The problem is, he still doesn't know what, exactly, that mechanism is.

Brouchkov isn't the only scientist analyzing ancient bacteria pulled from the frozen depths of the northernmost regions of the world, though he may be one of the only few doing so in search of eternal life. For decades, scientists have been recovering bacteria from the Siberian permafrost and analyzing their properties. The CDC analyzed a giant prehistoric virus ("giant," because it's observable with a regular microscope) recovered from permafrost in a secret lab back in September, for example. Last year, researchers from the Russian Academy of Sciences sequenced the genome of a drug-resistant plasmid isolated from bacteria found in permafrost.

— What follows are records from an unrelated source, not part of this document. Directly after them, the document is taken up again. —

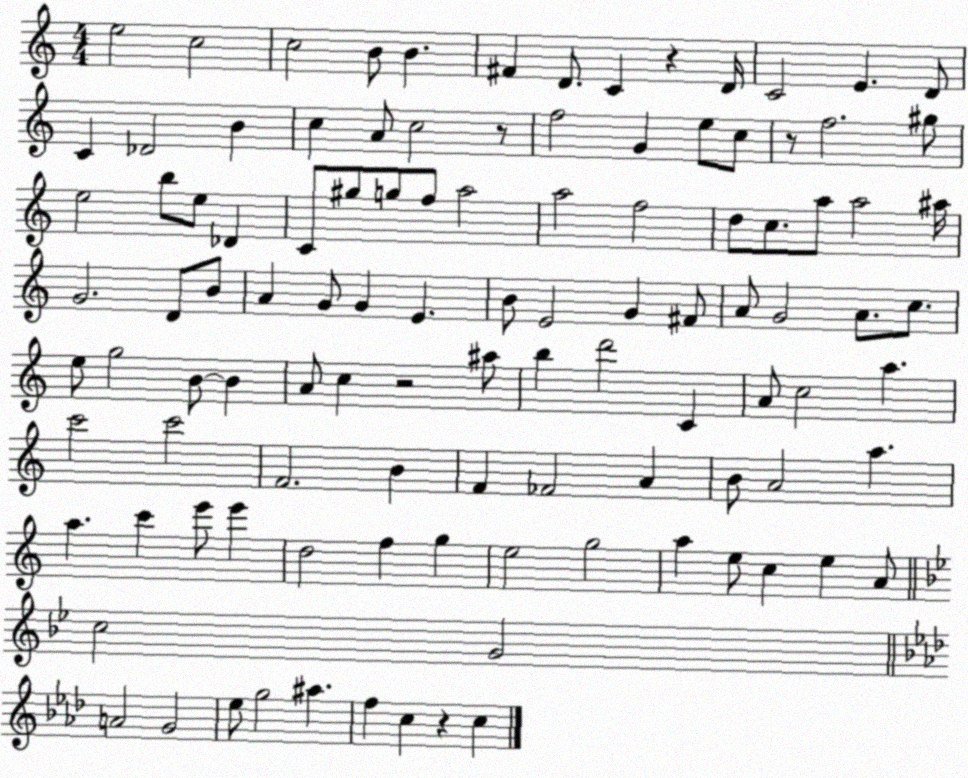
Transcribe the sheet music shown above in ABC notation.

X:1
T:Untitled
M:4/4
L:1/4
K:C
e2 c2 c2 B/2 B ^F D/2 C z D/4 C2 E D/2 C _D2 B c A/2 c2 z/2 f2 G e/2 c/2 z/2 f2 ^g/2 e2 b/2 e/2 _D C/2 ^g/2 g/2 f/2 a2 a2 f2 d/2 c/2 a/2 a2 ^a/4 G2 D/2 B/2 A G/2 G E B/2 E2 G ^F/2 A/2 G2 A/2 c/2 e/2 g2 B/2 B A/2 c z2 ^a/2 b d'2 C A/2 c2 a c'2 c'2 F2 B F _F2 A B/2 A2 a a c' e'/2 e' d2 f g e2 g2 a e/2 c e A/2 c2 G2 A2 G2 _e/2 g2 ^a f c z c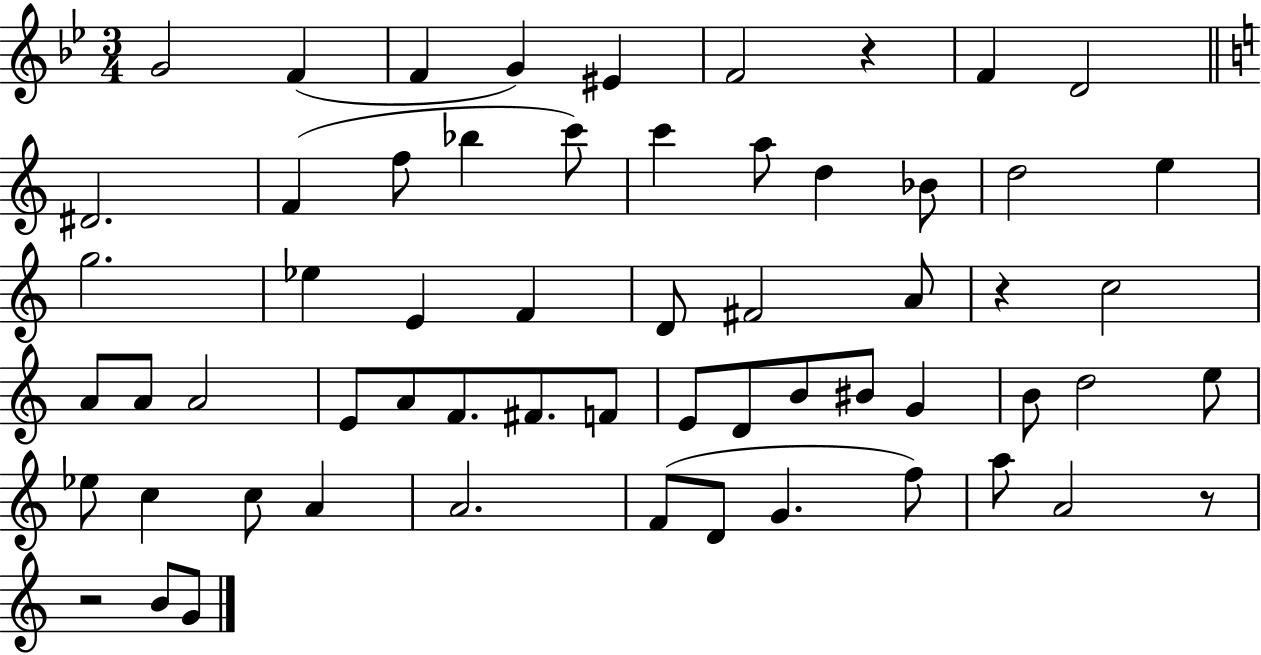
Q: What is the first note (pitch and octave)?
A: G4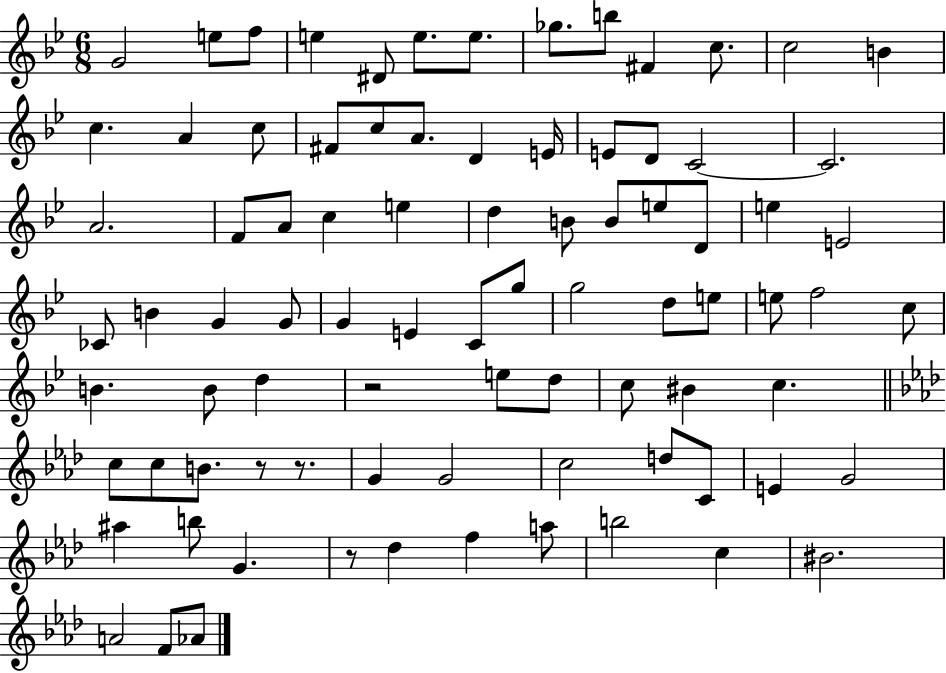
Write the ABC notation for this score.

X:1
T:Untitled
M:6/8
L:1/4
K:Bb
G2 e/2 f/2 e ^D/2 e/2 e/2 _g/2 b/2 ^F c/2 c2 B c A c/2 ^F/2 c/2 A/2 D E/4 E/2 D/2 C2 C2 A2 F/2 A/2 c e d B/2 B/2 e/2 D/2 e E2 _C/2 B G G/2 G E C/2 g/2 g2 d/2 e/2 e/2 f2 c/2 B B/2 d z2 e/2 d/2 c/2 ^B c c/2 c/2 B/2 z/2 z/2 G G2 c2 d/2 C/2 E G2 ^a b/2 G z/2 _d f a/2 b2 c ^B2 A2 F/2 _A/2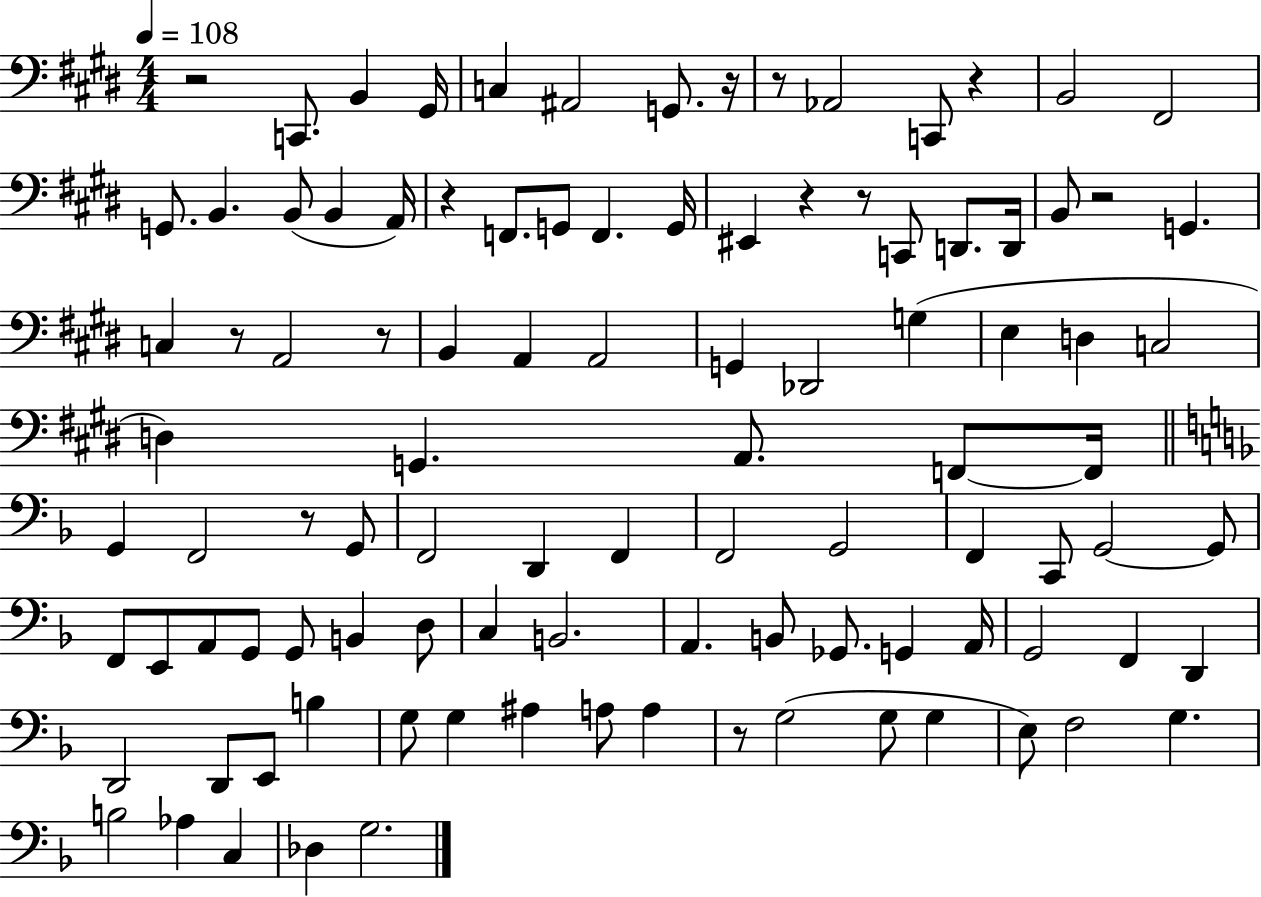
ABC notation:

X:1
T:Untitled
M:4/4
L:1/4
K:E
z2 C,,/2 B,, ^G,,/4 C, ^A,,2 G,,/2 z/4 z/2 _A,,2 C,,/2 z B,,2 ^F,,2 G,,/2 B,, B,,/2 B,, A,,/4 z F,,/2 G,,/2 F,, G,,/4 ^E,, z z/2 C,,/2 D,,/2 D,,/4 B,,/2 z2 G,, C, z/2 A,,2 z/2 B,, A,, A,,2 G,, _D,,2 G, E, D, C,2 D, G,, A,,/2 F,,/2 F,,/4 G,, F,,2 z/2 G,,/2 F,,2 D,, F,, F,,2 G,,2 F,, C,,/2 G,,2 G,,/2 F,,/2 E,,/2 A,,/2 G,,/2 G,,/2 B,, D,/2 C, B,,2 A,, B,,/2 _G,,/2 G,, A,,/4 G,,2 F,, D,, D,,2 D,,/2 E,,/2 B, G,/2 G, ^A, A,/2 A, z/2 G,2 G,/2 G, E,/2 F,2 G, B,2 _A, C, _D, G,2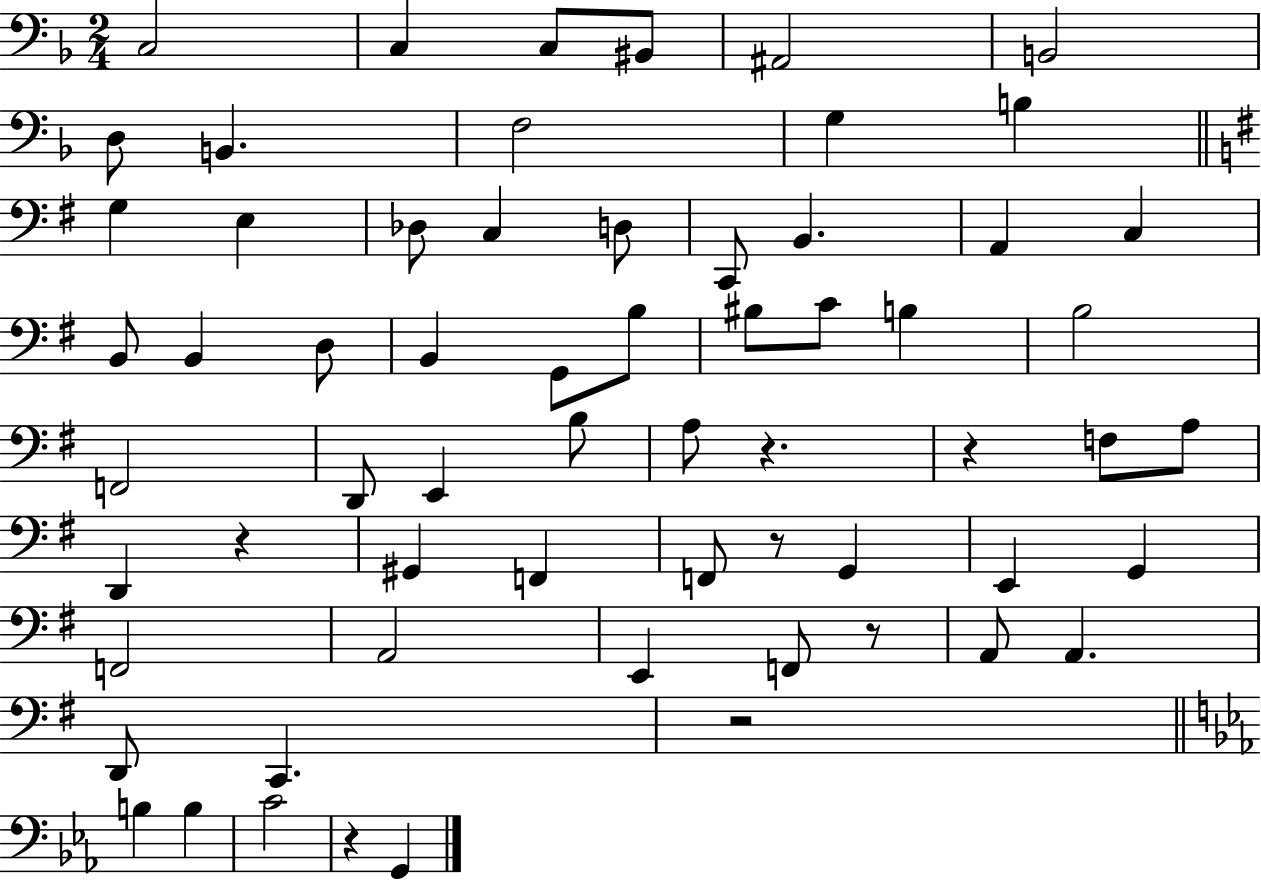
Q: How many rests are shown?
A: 7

Such ancient viruses are incredibly complex, with hundreds upon hundreds of protein-encoding genes; influenza A has eight. In short, there's a lot we don't know about them.

Brouchkov's belief, that ancient bacteria may hold the key to immortality, is a more fringe view. When I first read about Brouchkov a few months ago, my main question was: is this guy for real? To find out, I emailed Brouchkov to see if he'd like to chat—on the phone, I imagined. But as fortune would have it, he told me that he was presenting at a conference in Montreal on his work, and that he would be in Toronto for just one day.

We convinced Brouchkov to swing by, cracked open some vodka, and toasted to freedom and eternal life.